Emma Jolly, in the article Dickens and London

Emma Jolly writer, historian, genealogist
  1. Save Camden Local Studies and Archives

    On 19 May 2011, Dan Carrier reported in the Camden New Journal (link to online article) that Camden Local Studies and Archives (Camden LS Homepage) is under threat of closure following the publication of the results of the Council’s library consultation.

    The article stated: “as the results of a library consultation are number-crunched and the Town Hall considers how to cut about 25 per cent of the service’s budget, the archives look likely to be merged with Islington’s or closed.”

    John Richardson, Chairman of the Camden History Society (http://www.camdenhistorysociety.org/) argues the consultation suggested that respondents “were in favour of spending less on local studies, not closing it.”

    It is not likely that Camden can merge its archives with that of Islington as Islington’s Local History Centre (Local History Centre) does not have the space to retain the vast resources that Camden LS currently holds (believed to be 180,000 items). Recent rumours suggest the archive could move to London Metropolitan Archives (http://search.lma.gov.uk/opac_lma/index.htm) However, critics of this move, such as the Camden History Society, point out that staff at LMA do not have the Camden-specific knowledge and experience that current researchers find so useful.

    As Dan Carrier wrote, the collection includes muskets from “the Napoleonic wars to maps of every drain in the borough”. With the bicentenary of Charles Dickens’ birth in a few months time, it is important to note that three Dickens unpublished letters are also held in Camden LS. Many of these items are uncatalogued. In London, the only archive larger than Camden’s is that of Westminster City Archives (http://www.westminster.gov.uk/services/libraries/archives/).

    It is ironic that councillors are looking to closing the Archives as part of a cost-cutting exercise. On numerous occasions, the Archives have, in fact, helped Camden Council to save money. Former chief archivist Malcolm Holmes told the New Journal of one example whereby using some of the old maps in the collection enabled the Council to save “around £150,000 in 1970s money”.

    It is also odd that Camden’s Council should choose to close the archive whilst in nearby Hackney a new state-of-the-art Archives is currently being built (http://www.hackney.gov.uk/ca-archives.htm) The borough of Hackney is just as badly affected by the cuts, and it is unclear why  investments in local history can be made by its Council but not by Camden’s.

    Camden Local Studies and Archives helps a wide variety of people – many of whom live outside the borough and were not party to the consultation. Those who currently use the Archives include: social, economic & house historians, genealogists, economists, journalists, teachers, schoolchildren, students, council employees, lawyers, builders, and authors. For family historians, its collections of parish rate books (dating from 1726),  local newspapers, electoral registers, theatre programmes, the registers of Highgate Cemetery and the photographs of local interest are invaluable. It also holds the unique Heal Collection on St Pancras and the Kate Greenaway Collection.

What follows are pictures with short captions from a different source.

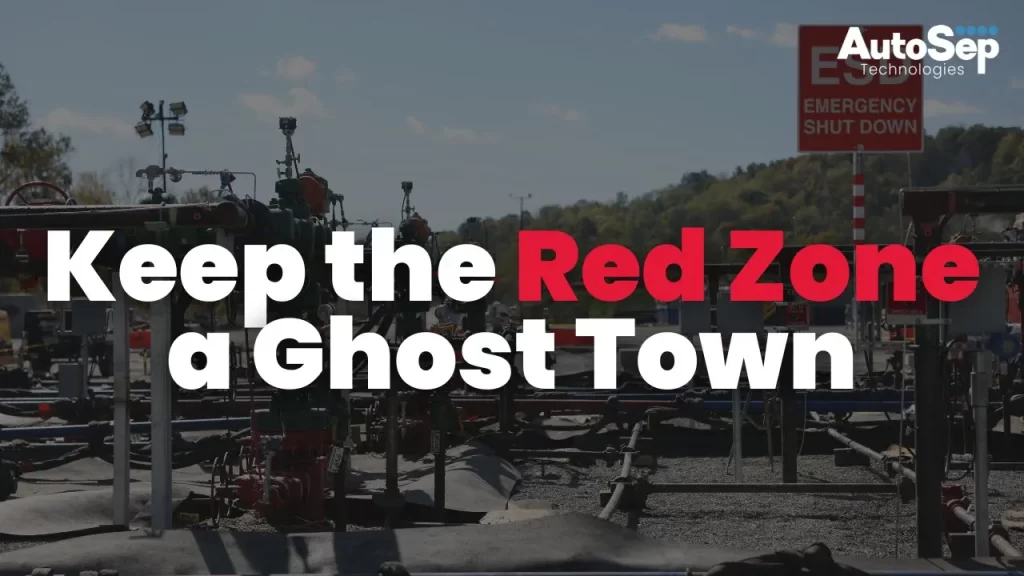 The AutoSep Technologies logo sits in the top right corner. Keep the Red Zone a Ghost Town is written in a blocky white and red font and overlaid on a darken image of the emergency shut down/red zone area of an oil rig pad during flowback operations.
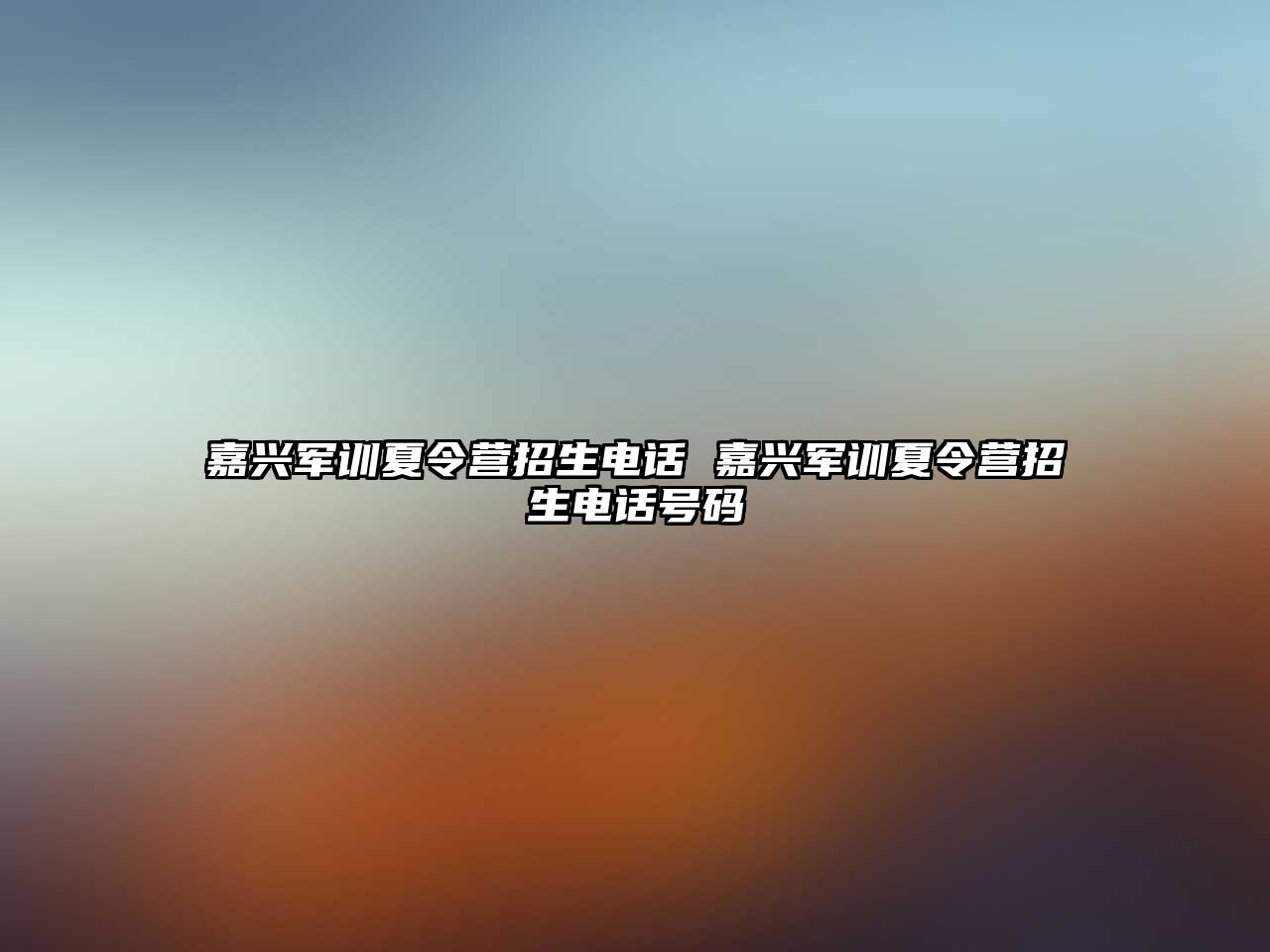 嘉興軍訓夏令營招生電話 嘉興軍訓夏令營招生電話號碼
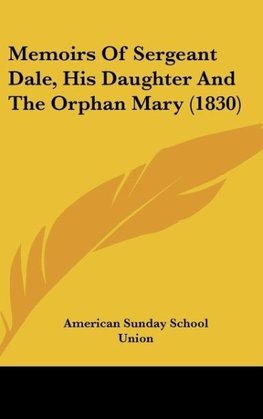 Memoirs Of Sergeant Dale, His Daughter And The Orphan Mary (1830)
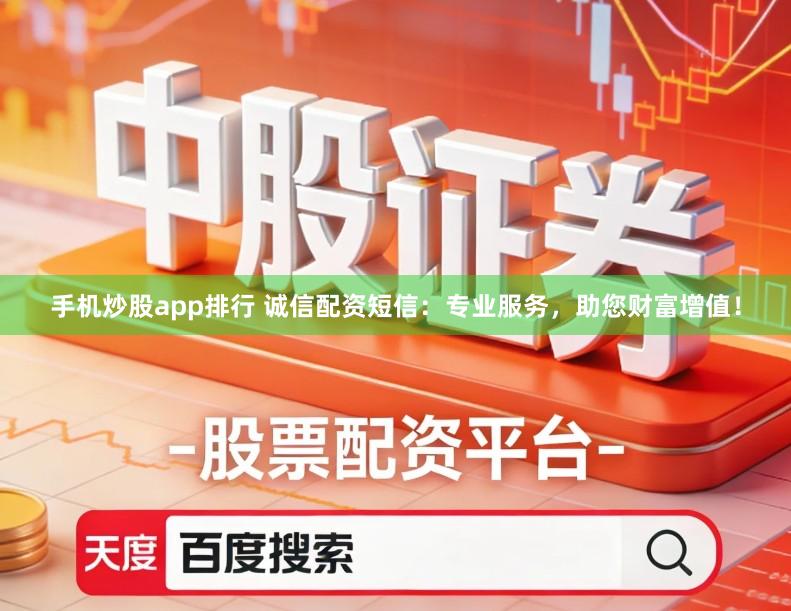 手机炒股app排行 诚信配资短信：专业服务，助您财富增值！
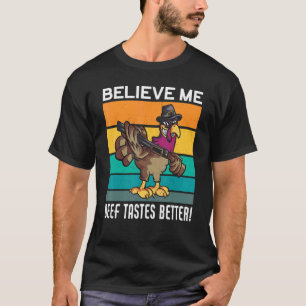 Rindfleisch schmeckt besser, weil es Erntedank gib T-Shirt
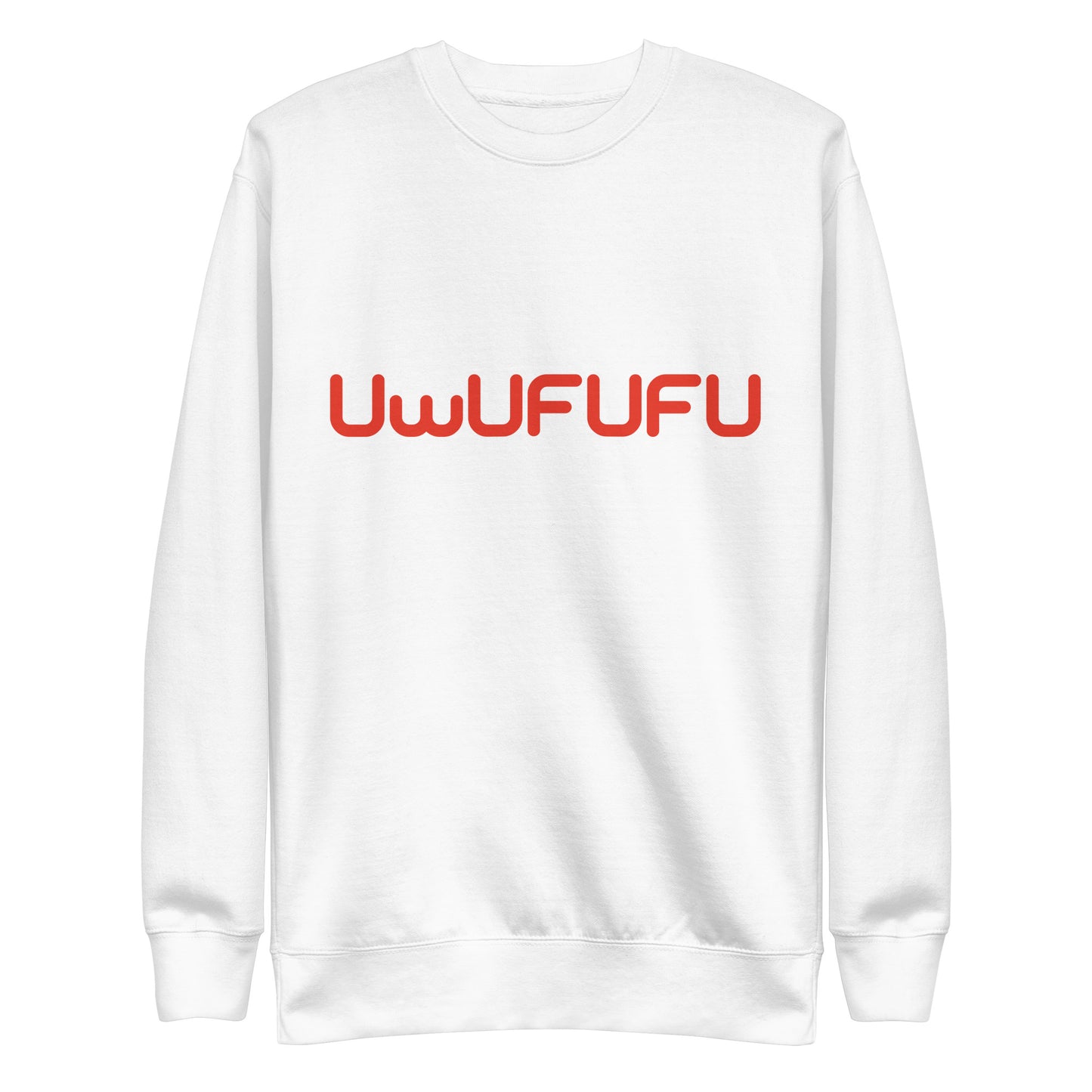 UwUFUFU Large Logo Unisex Premium Sweatshirt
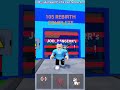 105 REBIRTH COMPLETE IN ROBLOX PLAYER #shortsfeed #vairalshort #subscribe #trending #roblox
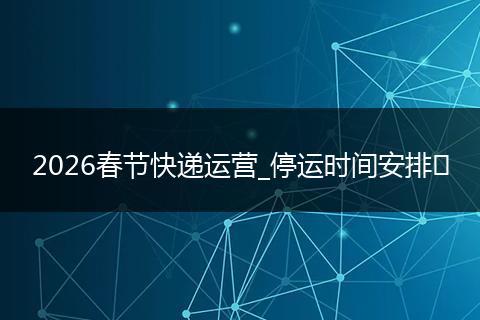 2026春节快递运营_停运时间安排​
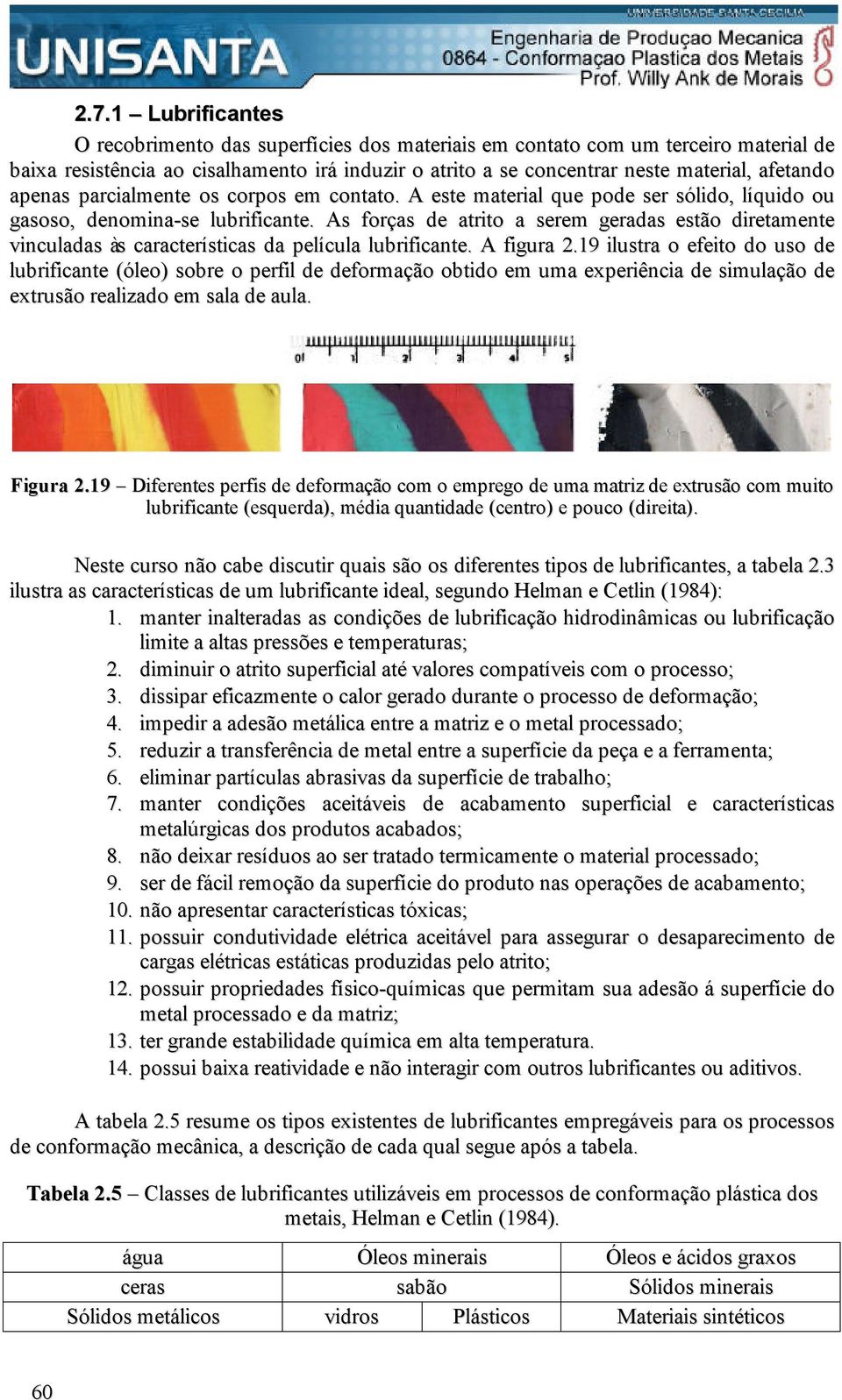 As forças de atrito a serem geradas estão diretamente vinculadas às características da película lubrificante. A figura 2.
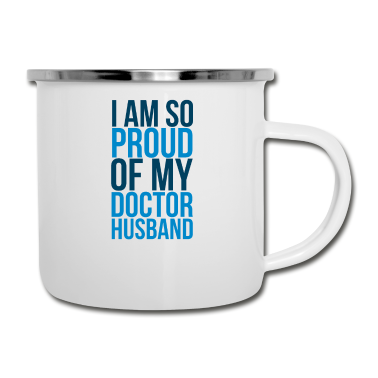 Geschenk für Ehemann Emaille Tasse - Ich bin so stolz auf meinen Doktor Ehemann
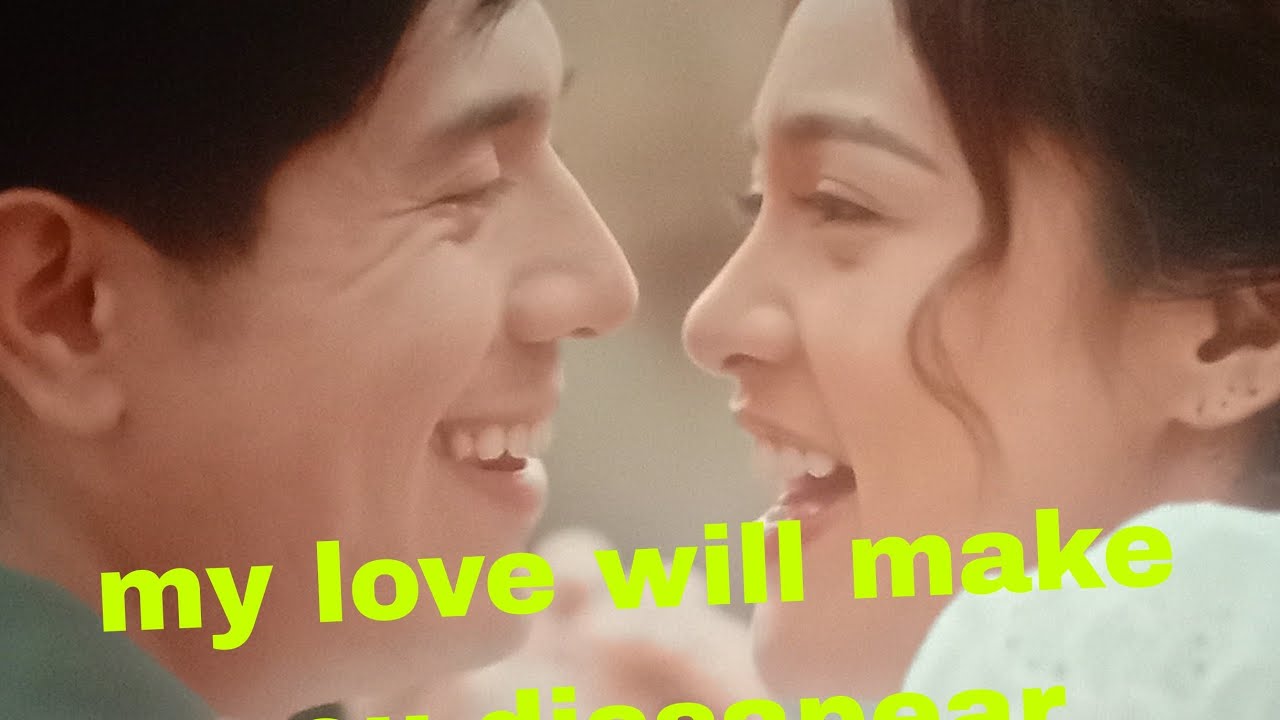My love will make u dissapear  sobrrang ganda worth it ang bayad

    Those who have voiced concern about the impending closure, include best-selling author of The Fields Beneath, Gillian Tindall, as well as Camden New Journal readers from London and beyond. In a letter to the newspaper, Camden resident, Lester May, wrote that, “Camden Council seems set on closing the local studies library and archives service in order to save around £135,000 . . . Thus one of the best resources of its kind in London, perhaps in the country, will be lost and this at a time when more people are interested in their family and local history than ever before. . . The loss of the local studies collection and archive would be permanent. There is sufficient in the council’s reserve of £95.8million for consideration to be given to funding the local studies library and archive service such that it is retained as a local service within the borough, ideally where it is currently located in Holborn.”

    John Richardson states that the Camden History Society “is particularly concerned . . . [about] its closure and its contents [being] shipped elsewhere . . . Camden are taking £135,000 out of the Local Studies budget, in effect making it impossible to function.” He argues further that this not what the consultation response indicated.

    The collections cover the area of the present London Borough of Camden. This includes the history of Hampstead, Holborn, St Pancras, Camden Town, Somers Town, Kentish Town, parts of Highgate, and the parishes of Hampstead, St Andrew Holborn above Bars, including the Liberty of Saffron Hill, St George the Martyr Queen Square, St Giles in the Fields, St George Bloomsbury, and St Pancras. The earliest parish records date from 1618.

    Update 7 June 2011

    Yesterday, on Monday 6 June, I attended a Camden Council scrutiny meeting of the library report. The Town Hall was packed with library and archives supporters. Gillian Tindall, author of The Fields Beneath, spoke as part of the deputation on behalf of the Camden History Society. She said that if Camden Local Studies is closed, it will be “a great loss for future generations” and “would be a black stain” on Camden Council’s record. Holborn Library Users Group was also represented (the Archives are housed in Holborn Library’s building). The group’s deputation argued that the loss of the Archives to Camden would be irreplaceable, and condemned the report’s suggestion that Local Studies provision be outsourced. The speaker further said that no library buildings in whole or in part should be sold without full public consultation. This was greeted with cheers and clapping from the gallery.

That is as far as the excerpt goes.